National Debt: Is It A Bad Thing?

Why the #1 issue for so many well-intentioned conservatives is overblown…

There are people I like who are voting for Trump because “the national debt is way out of control”. Yet, many other smart, caring politically-savvy people don’t care about the national debt, so I decided to research that curiosity.

Here are a few things I learned…

National debt is *not* like the debt of an individual, family, or business.

This is a frequent misunderstanding. Just because it’s called “debt” doesn’t mean it’s the same as your personal debt, nor is it like a family’s or business’ debt.

National debt is a very different thing.

America “has been granted the presumption of immortality by its creditors… [and thus faces] no final day of reckoning on which all debts need to be repaid.”

You would think that quote is from some liberal.
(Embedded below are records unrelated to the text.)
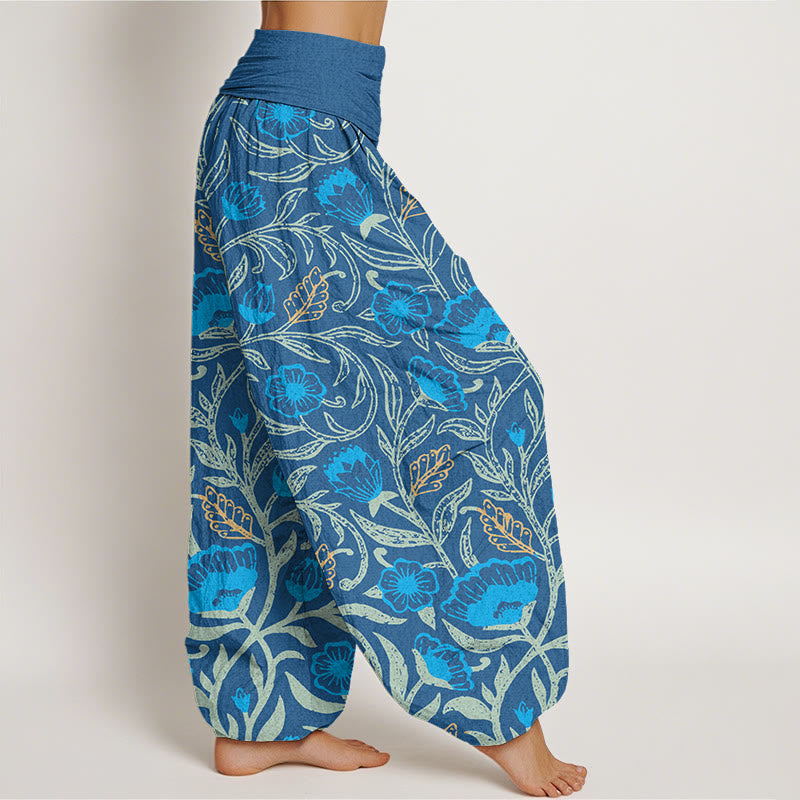 Casual Tulips Flower Vines Design Women's Elastic Waist Harem Pants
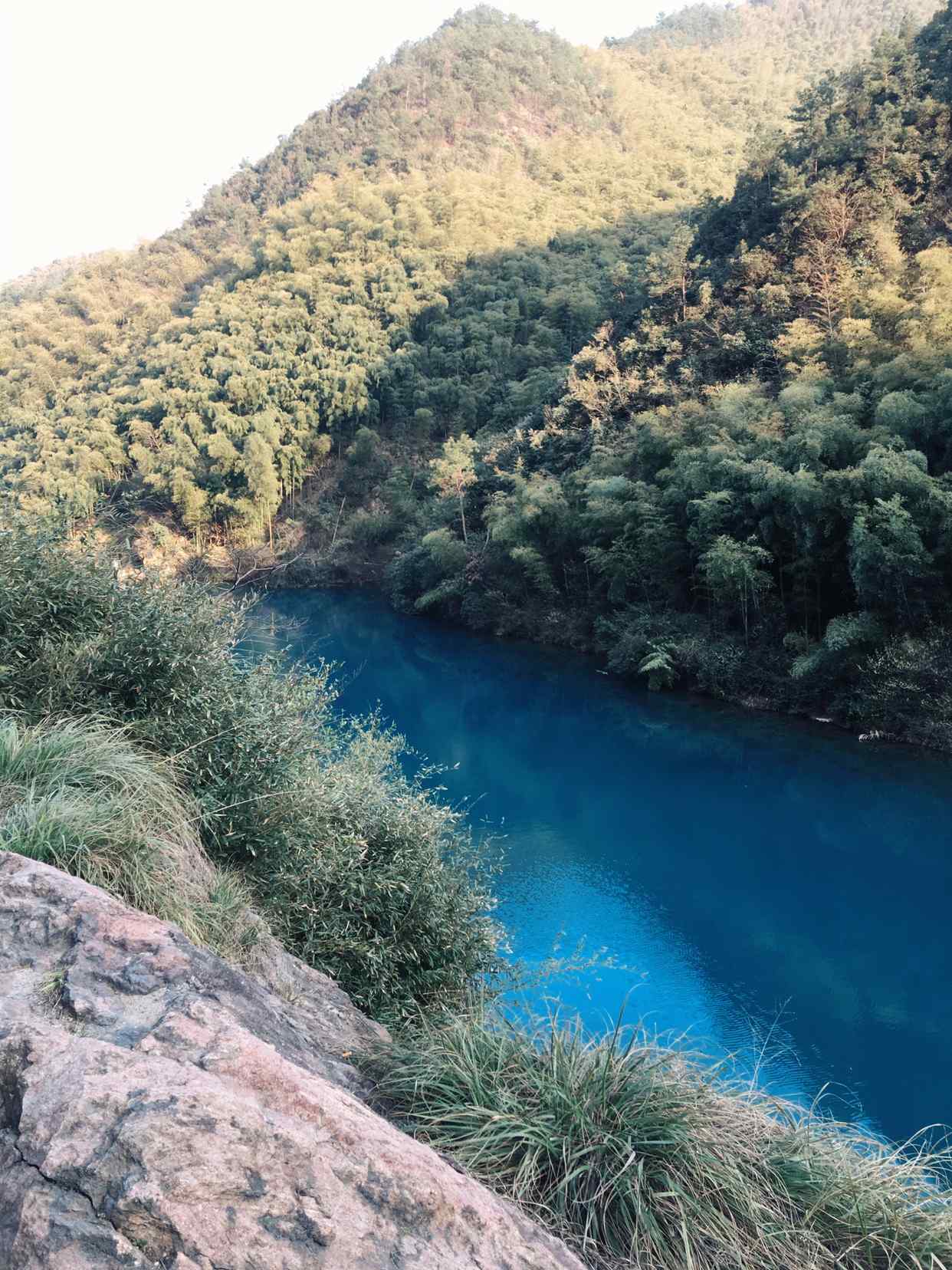 莫干山林里蔚蓝湖水手机壁纸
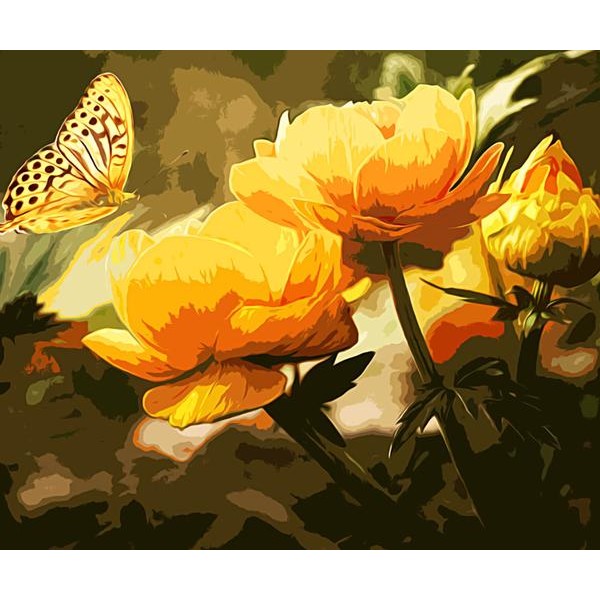 Yellow Butterfly on a Yellow Rose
To the contrary, it is from the respected conservative economist Gregory Mankiw, who chaired the Council of Economic Advisers under George W. Bush, and served as an economic advisor for Mitt Romney’s presidential campaign.

Investors worldwide (and here in America) want *more* US Debt.

US treasury security interest rates are at an all-time low:

Chart Source: TradingEconomics.com & US Department of Treasury

This means investors (the market) want more US debt because it gives them greater financial security, thereby allowing more stable wealth creation.

The USA can keep borrowing more money, as long as our long-term economic prospects look good (and it does), and as long as our credit rating is good, which brings me to this finding…

The United States has one of the best credit ratings in the world.

And there’s no sign of that changing.

2 out of the 3 major credit rating agencies (Moody’s & Fitch) gives USA the highest credit rating possible.

The third agency (S&P) lowered America’s credit rating slightly, given our volatile politics for the past 8 years… they now give us AA+ rating. Not bad at all.

Our “lower” rating still gives us a higher credit rating than these other major economic powers…

  • China
  • Russia
  • United Kingdom
  • Japan
  • France
  • Italy
  • Brazil
  • and The European Union

Despite our growing government debt, the credit rating on our national debt has a stable (safe) outlook, according to the latest reports (2014–2016) from the major credit agencies.

Want a better economy and less national debt?

In my research, I started to wonder: which political party in the Oval Office is likely to create more economic growth — which in turn, grows our tax revenues and eases our national debt?

“Income growth is faster, and more equal, under Democratic presidents.”

See the quote source, along with 5 helpful charts.

Democrats tend to raise taxes on the wealthy which gives more money to pay down the national debt. They also lower taxes on the poor and increase the minimum wage which has these effects:

  • stimulates more consumer spending
  • grows the economy
  • increases total tax revenues
  • ….which further helps ease the national debt
from Salon.com article 5 charts showing how the economy does better under Democratic presidents

Also, Democratic administrations (see the blue bars below) have tended to make the important ratio of debt-to-GDP healthier…

Chart from PoliticsThatWork.com

So let’s do 2 things…

  1. Stop stressing out about the national debt.
  2. Vote for policies that have proven to grow the economy. The simplest way to do that? Vote for a Democratic president.